• [Work item]
Wherever the word "Fashion" occurs in the lines below, copy the whole line.

(Stored items)
═══

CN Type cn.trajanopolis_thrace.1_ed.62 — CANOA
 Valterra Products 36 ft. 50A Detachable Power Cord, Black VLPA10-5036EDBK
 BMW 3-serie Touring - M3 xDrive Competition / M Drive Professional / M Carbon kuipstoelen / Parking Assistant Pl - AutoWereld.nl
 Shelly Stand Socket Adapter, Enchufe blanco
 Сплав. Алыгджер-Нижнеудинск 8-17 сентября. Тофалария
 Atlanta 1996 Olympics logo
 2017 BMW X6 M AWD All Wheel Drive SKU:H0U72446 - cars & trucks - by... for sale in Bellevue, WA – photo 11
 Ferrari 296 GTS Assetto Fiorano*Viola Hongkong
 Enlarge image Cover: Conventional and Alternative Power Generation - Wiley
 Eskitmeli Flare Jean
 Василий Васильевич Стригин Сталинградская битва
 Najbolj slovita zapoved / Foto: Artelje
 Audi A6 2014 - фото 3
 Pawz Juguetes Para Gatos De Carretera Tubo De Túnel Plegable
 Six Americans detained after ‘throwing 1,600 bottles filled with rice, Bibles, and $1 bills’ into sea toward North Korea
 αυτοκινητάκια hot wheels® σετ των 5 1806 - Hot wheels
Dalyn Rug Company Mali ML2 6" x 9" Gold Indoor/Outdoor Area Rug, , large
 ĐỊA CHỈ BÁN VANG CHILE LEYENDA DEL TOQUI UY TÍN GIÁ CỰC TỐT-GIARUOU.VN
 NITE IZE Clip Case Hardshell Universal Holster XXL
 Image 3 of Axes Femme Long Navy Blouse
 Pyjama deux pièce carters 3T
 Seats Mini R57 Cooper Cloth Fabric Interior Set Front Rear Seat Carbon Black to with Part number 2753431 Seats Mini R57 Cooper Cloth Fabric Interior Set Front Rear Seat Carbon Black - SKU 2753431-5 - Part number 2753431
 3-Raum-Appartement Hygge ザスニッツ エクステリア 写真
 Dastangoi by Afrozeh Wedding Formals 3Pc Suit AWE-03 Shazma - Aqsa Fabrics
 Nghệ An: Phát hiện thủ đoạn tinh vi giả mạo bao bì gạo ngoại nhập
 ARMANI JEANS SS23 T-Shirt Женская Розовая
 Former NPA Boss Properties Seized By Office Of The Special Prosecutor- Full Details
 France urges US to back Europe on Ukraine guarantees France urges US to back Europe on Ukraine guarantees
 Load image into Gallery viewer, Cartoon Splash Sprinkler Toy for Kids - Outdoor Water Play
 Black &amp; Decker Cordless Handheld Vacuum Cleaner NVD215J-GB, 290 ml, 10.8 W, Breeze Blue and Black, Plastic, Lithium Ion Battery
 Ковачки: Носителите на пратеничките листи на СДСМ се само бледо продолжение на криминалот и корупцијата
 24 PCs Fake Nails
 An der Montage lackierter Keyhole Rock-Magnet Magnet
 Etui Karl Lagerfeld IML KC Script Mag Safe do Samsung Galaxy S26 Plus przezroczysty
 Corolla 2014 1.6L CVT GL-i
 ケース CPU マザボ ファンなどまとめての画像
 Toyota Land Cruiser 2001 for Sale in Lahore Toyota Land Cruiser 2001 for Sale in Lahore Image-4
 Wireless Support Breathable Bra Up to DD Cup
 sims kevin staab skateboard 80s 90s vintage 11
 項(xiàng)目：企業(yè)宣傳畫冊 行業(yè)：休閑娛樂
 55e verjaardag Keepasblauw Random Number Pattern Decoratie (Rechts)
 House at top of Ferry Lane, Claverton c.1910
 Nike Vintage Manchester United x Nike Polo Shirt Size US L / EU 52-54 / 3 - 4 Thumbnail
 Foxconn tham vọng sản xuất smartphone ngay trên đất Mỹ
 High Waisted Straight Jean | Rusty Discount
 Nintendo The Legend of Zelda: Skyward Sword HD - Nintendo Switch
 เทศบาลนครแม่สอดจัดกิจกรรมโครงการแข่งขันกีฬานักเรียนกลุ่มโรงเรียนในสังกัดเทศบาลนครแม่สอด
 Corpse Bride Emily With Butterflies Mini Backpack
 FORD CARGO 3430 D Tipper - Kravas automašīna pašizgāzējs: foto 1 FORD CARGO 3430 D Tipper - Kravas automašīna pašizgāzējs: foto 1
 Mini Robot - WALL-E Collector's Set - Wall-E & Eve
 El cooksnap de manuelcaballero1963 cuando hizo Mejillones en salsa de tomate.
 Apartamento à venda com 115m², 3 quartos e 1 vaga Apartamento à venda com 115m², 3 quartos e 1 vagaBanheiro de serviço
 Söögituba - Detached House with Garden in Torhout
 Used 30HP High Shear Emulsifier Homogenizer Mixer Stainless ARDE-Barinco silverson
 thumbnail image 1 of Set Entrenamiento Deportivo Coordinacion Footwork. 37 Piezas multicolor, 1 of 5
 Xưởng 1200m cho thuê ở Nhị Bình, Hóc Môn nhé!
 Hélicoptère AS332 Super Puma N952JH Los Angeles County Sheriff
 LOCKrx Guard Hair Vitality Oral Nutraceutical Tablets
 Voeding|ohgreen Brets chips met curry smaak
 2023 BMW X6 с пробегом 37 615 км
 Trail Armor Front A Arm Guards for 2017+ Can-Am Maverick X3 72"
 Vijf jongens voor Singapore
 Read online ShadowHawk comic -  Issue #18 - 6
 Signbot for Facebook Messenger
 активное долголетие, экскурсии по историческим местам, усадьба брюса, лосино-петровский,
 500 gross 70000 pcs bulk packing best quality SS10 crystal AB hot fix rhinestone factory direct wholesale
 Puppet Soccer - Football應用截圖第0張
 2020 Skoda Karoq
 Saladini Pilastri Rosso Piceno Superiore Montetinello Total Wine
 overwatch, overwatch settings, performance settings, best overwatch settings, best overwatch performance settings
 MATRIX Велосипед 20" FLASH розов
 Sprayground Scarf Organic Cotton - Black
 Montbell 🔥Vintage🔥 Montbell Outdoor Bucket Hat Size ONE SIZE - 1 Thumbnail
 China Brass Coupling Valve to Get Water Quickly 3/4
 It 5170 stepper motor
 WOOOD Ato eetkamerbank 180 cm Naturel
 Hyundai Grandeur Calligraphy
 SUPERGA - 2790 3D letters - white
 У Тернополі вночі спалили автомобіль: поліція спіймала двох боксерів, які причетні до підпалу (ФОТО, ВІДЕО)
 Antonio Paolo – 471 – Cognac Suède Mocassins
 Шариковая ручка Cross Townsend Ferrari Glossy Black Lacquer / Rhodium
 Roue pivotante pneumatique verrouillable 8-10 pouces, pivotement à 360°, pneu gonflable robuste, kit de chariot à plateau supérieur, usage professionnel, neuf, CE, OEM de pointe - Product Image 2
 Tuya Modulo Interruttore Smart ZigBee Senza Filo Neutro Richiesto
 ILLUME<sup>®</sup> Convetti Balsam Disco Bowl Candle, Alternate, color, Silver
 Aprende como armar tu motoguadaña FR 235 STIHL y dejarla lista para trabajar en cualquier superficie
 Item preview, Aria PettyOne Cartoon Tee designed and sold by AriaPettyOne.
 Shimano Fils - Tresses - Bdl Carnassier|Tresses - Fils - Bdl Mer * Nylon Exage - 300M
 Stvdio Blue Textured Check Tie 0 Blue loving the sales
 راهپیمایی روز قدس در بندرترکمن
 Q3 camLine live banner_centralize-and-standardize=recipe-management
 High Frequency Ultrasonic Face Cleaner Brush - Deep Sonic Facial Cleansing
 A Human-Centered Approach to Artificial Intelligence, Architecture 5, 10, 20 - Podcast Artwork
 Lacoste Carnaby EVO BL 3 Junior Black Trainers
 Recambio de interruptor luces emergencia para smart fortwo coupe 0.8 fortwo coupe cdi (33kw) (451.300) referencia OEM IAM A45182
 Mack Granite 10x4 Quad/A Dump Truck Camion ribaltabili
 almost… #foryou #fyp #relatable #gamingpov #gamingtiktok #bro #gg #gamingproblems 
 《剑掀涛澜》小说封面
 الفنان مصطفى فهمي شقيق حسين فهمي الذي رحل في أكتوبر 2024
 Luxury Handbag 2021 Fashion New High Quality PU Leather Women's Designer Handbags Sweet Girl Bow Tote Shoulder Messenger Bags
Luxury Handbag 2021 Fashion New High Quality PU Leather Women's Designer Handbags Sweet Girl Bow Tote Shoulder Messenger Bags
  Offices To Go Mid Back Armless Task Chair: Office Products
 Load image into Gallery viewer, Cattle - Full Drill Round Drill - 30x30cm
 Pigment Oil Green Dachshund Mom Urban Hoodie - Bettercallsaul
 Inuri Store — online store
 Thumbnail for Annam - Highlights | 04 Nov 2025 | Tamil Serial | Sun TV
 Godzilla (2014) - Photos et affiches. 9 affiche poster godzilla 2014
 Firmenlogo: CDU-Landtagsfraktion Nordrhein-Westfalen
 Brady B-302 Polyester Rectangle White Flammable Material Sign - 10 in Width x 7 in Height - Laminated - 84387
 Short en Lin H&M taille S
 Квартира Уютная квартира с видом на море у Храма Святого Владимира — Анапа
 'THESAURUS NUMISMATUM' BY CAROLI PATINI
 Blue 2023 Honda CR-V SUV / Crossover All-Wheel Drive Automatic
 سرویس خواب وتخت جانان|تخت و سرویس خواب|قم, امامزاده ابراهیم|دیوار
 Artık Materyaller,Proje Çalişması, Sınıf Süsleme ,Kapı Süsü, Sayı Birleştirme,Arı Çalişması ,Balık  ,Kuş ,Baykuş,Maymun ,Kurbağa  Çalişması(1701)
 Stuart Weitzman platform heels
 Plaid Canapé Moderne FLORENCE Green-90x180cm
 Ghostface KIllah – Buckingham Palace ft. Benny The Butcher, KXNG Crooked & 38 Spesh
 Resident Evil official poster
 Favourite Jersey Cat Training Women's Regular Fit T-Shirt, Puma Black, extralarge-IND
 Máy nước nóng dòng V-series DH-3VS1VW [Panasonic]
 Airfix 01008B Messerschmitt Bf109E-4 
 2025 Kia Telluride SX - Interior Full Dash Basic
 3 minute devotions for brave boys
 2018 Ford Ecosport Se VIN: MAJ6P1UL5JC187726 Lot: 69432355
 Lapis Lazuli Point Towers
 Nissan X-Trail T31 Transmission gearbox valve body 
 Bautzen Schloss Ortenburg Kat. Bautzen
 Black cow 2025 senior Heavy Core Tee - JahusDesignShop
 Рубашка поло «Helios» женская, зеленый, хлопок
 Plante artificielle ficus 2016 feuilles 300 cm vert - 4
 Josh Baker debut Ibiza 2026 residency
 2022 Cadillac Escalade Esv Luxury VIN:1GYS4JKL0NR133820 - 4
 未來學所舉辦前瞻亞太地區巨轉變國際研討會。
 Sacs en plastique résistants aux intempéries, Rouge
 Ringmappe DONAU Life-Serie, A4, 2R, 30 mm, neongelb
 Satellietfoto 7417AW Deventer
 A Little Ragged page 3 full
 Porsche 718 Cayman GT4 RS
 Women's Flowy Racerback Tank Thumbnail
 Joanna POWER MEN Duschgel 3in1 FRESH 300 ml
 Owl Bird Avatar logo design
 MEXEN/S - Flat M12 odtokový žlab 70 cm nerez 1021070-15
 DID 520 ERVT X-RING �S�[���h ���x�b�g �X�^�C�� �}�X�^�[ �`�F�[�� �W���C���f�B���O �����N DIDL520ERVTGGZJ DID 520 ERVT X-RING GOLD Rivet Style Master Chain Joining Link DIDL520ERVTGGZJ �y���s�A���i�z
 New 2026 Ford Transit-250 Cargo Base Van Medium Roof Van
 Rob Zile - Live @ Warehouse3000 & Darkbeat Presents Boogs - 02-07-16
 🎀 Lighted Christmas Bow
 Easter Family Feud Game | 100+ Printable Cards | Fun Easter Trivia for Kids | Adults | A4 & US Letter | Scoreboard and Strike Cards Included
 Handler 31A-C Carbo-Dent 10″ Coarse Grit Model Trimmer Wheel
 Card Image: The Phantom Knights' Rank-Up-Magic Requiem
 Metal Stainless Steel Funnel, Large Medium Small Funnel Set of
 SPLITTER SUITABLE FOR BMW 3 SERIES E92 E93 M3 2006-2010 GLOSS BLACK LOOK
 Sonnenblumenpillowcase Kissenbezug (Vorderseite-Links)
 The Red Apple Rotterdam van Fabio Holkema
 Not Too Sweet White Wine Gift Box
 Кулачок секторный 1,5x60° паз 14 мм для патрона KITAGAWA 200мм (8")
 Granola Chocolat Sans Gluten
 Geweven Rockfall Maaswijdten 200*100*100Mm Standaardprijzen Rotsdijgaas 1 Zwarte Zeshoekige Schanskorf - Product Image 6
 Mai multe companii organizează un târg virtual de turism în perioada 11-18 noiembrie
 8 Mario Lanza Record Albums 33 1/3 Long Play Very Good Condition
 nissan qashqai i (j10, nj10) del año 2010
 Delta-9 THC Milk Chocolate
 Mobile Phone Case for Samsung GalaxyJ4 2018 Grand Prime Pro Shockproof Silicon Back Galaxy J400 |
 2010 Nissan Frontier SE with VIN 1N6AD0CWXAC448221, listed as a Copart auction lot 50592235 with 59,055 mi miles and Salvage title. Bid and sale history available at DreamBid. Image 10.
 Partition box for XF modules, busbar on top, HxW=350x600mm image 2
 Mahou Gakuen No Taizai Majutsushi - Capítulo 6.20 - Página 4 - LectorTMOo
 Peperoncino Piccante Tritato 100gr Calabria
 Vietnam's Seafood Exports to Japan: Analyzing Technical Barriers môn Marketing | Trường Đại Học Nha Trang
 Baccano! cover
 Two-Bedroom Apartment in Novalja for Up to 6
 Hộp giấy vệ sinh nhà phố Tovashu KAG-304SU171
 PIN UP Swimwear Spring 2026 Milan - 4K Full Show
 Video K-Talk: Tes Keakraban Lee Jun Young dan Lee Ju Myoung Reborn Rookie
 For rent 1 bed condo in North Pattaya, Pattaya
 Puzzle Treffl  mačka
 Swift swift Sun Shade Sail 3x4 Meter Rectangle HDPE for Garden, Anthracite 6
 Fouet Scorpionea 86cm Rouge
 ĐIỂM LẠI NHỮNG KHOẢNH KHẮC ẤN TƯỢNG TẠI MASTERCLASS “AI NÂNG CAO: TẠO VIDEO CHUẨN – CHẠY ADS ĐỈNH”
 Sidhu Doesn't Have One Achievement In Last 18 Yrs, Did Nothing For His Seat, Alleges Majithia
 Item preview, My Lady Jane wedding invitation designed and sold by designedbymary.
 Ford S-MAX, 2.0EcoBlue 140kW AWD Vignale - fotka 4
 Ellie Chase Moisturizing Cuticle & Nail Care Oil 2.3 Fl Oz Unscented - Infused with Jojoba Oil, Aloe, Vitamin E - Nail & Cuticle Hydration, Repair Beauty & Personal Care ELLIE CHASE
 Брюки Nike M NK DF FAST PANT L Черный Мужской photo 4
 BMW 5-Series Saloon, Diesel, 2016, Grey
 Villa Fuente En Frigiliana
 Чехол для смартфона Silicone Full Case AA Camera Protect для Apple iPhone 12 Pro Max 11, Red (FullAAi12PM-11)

═══

• [Response]
 Luxury Handbag 2021 Fashion New High Quality PU Leather Women's Designer Handbags Sweet Girl Bow Tote Shoulder Messenger Bags
Luxury Handbag 2021 Fashion New High Quality PU Leather Women's Designer Handbags Sweet Girl Bow Tote Shoulder Messenger Bags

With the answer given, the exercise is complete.